Left-hander Andrew Heaney, who was a combined 8-9 with a 5.83 ERA last season with the Los Angeles Angels and New York Yankees, makes his Dodgers debut after signing a one-year, $8.5 million contract in November.

Right-hander Chris Archer, who went 1-1 with a 4.66 ERA in six appearances (five starts) during an injury-shortened season with the Tampa Bay Rays in 2021, will make his first start for the Twins after signing a one-year, $3.5 million deal on March 28.

Heaney is 1-0 with a 2.70 ERA in four career appearances and three starts against Minnesota, including 1-0 with a 2.77 ERA in two starts at Target Field. That win came last July 22, when he outdueled Kenta Maeda in a 3-2 victory for the Angels, allowing two runs on four hits over seven innings while striking out seven.

Archer, an All-Star in 2015 and 2017 with the Rays, is 0-3 with a 6.19 ERA in three career starts against the Dodgers.

Los Angeles had Monday off after sputtering to a 1-2 start to the season against the Colorado Rockies, including a 9-4 loss on Sunday afternoon in windy Denver. An offense billed by some as the best in baseball after adding former National League MVP Freddie Freeman managed just 11 runs and four extra-base hits over three games in the launching pad known as Coors Field with backup catcher Austin Barnes hitting the lone home run.

The Dodgers went 6-for-23 with runners in scoring position and left 21 runners in scoring position in the series.

“We didn’t play good baseball,” Los Angeles manager Dave Roberts said. “I thought we pitched well at times. We weren’t good situationally, as far as when we had guys on base, to cash runs in. Defensively, on the bases — I just don’t think that we played our type of baseball this series.”

Dodgers outfielder Chris Taylor added, “Obviously we expect to produce. We know we have, top to bottom, the best lineup in baseball, and we didn’t show that this weekend.”

Minnesota also got off to a rough start to its season-opening series, managing just four hits in each of its first two games against the visiting Seattle Mariners while dropping 2-1 and 4-3 decisions. However, the Twins bounced back to win the final two games of the series with a six-homer, 10-4 victory on Sunday followed by a 10-hit, 4-0 win on Monday night.

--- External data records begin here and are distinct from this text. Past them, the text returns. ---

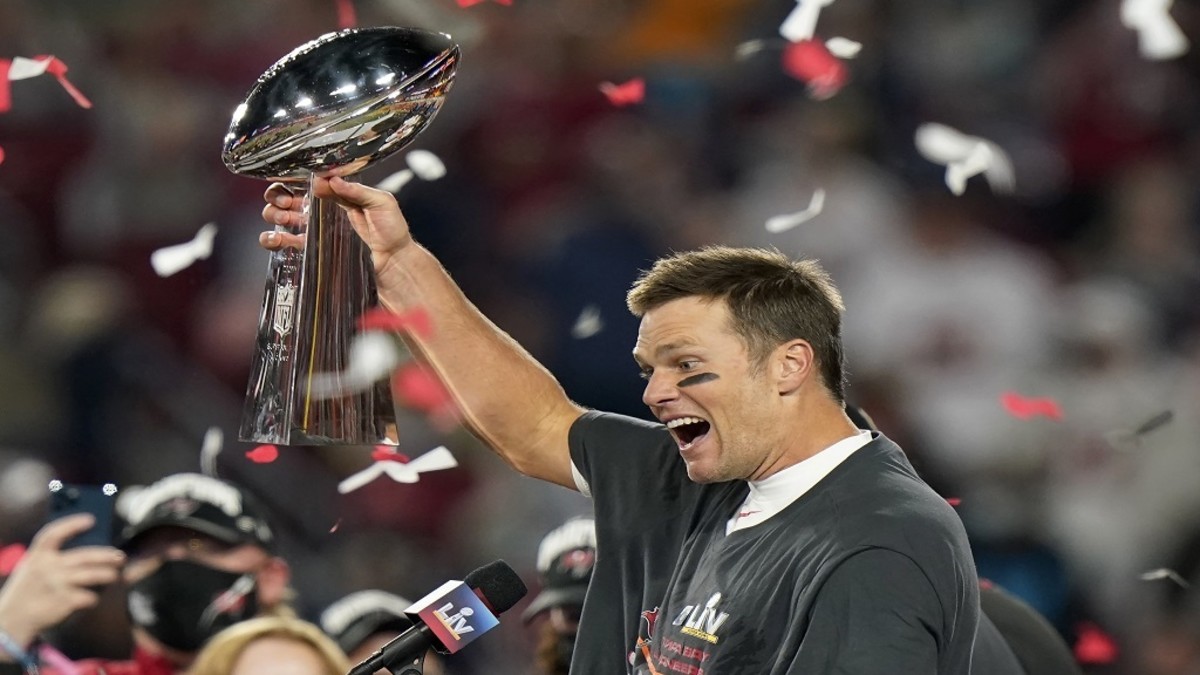 Tom Brady secured his 7th championships as the NFL season finally comes to a close. 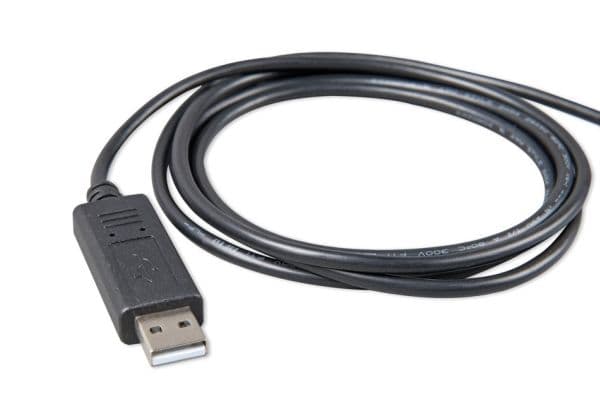 BlueSolar PWM-Pro til USB-grensesnittkabel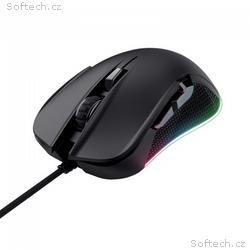 TRUST myš GXT 922 YBAR Gaming Mouse, optická, USB,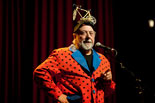 Urbanus Zelf @ Sportpaleis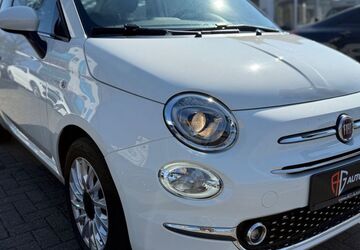 Fiat 500 74.000 km 10.950 &euro; Bielefeld 33659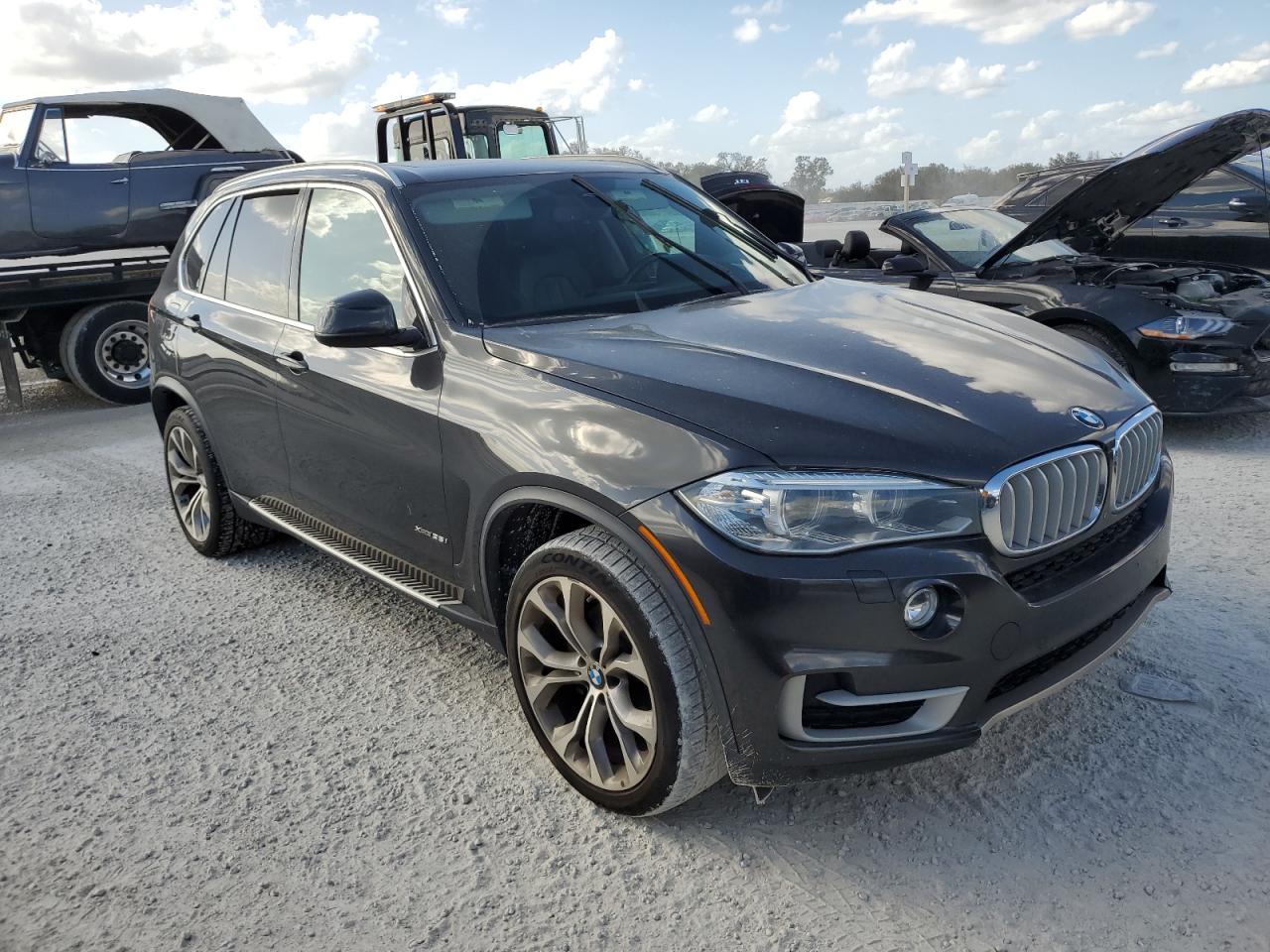 2015 BMW X5 xDrive35I VIN: 5UXKR0C56F0P13837 Lot: 77262294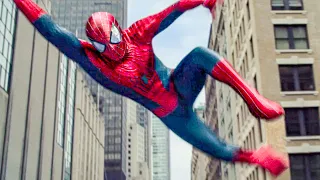 Opening Swinging | The Amazing Spider-Man 2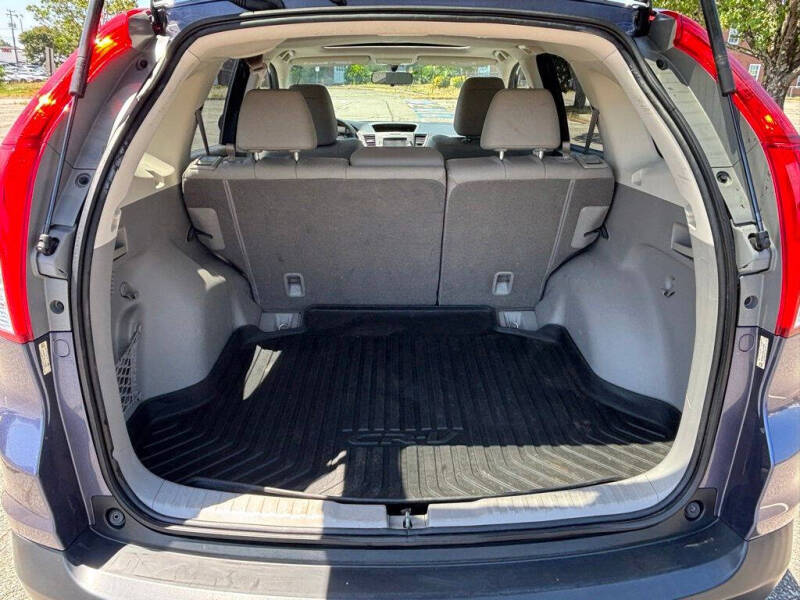 2012 Honda CR-V EX-L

Center fielder Byron Buxton homered in three consecutive plate appearances on Saturday and Sunday and is batting .333 (5-for-15) with four RBIs and five runs. Third baseman Luis Arraez, who went 3-for-4 with an RBI and run on Monday, is batting .556 (5-for-9) while catcher Gary Sanchez leads the team with five RBIs, including a grand slam in the Sunday win.

The talk after the Monday victory, however, was the Twins’ pitching performance. Starter Dylan Bundy allowed just one hit over five innings and four relievers combined to one-hit the Mariners the rest of the way. Rookie right-hander Jhoan Duran threw nine of his 11 pitches during a 1-2-3 ninth over 100 mph. One fastball officially clocked at 102 mph per Statcast, the hardest pitch thrown by a Twins pitcher in the pitch-tracking era.

“I’m glad I’m not hitting, I’ll tell you that,” Minnesota manager Rocco Baldelli said. “I haven’t seen 102 too many times. I know guys throw hard these days, but that’s some next-level stuff.”